And you seem to fail to understand the meaning of statistical sample sizes.
For example, suppose that TH9 gave a 20% drop rate on an item, and TH10 gave a 25% drop rate (pretty substantial for only an extra +1 proc when you're already starting at 9). Would you consider that a significant increase in drop rate, implying a significant value in going from TH9 to TH10? I think most people would.
However, 500 kills for each TH level is not enough to statistically separate those two values. 1000 kills is not enough. You'd need about 4000 kills to statistically distinguish a full 5% increase in drop rate (a 25% increase in drops received), and even then all you know is that TH10 > TH9; you still couldn't really be certain of how much of a difference there is.
Your complaint that you need thousands of kills to be sure of a difference between the two TH levels is merely a reflection of someone who doesn't understand statistics. You will *always* need thousands of samples to get any kind of decent understanding of the underlying rates of anything in a game like this. You can only get away from it if you're dealing with data that you know is discreet and precisely repeatable, such as exact haste or enmity values.

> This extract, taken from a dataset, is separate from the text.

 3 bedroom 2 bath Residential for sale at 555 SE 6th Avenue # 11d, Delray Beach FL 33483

Now, to take things further aside:
I've read one bit of testing which implied that TH1 was a 50% increase in drop rate over baseline, TH2 was an additional 50%, and each additional point of TH above that was +10% (a fairly reasonable model, really; I'd like to try testing to confirm it). So, TH9 would be 50%+50% + 7*10% = +170% (and TH10 would be +180%), or 2.7x the baseline drop rate. If the original drop rate was 10%, that means you'd have a 27% drop rate with TH9 and 28% drop rate with TH10.
To distinguish between TH9 and TH10 in that model you'd need about 25,000 samples to reach a margin of error small enough to be reasonably certain of your results, though a few thousand samples at each of multiple points to create a trend line would probably be more useful.

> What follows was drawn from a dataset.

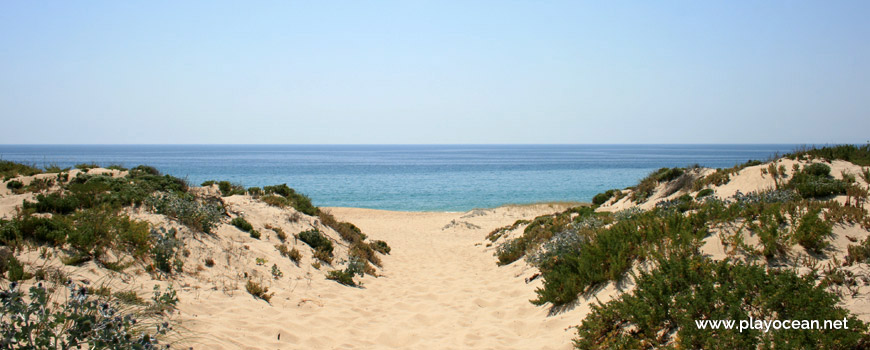 Praia da Torre Beach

In such a hypothetical model, the 50% tiers would be:
TH0 - baseline
TH1 - +50%
TH2 - +50%
TH7 - +50%
TH12 - +50%
A main thf and a single TH proc (TH7 total) would be the equivalent of an additional 50% TH tier, which is decent, though not exceptional. Since you're already 100% over baseline with TH2, it would be a 25% boost in the number of drops received over what you could get from a /thf. That would not be terribly out of line with the general feeling of the gain from bringing a thf main compared to a /thf mule.
The data for this model was taken from before the level cap raise, though, so there's the potential that the third TH trait thf natively gets could be another +50%, with each TH+1 from gear or procs being +10%. That would make TH7 +190% instead of +150%, and would give 45% more drops than a /thf.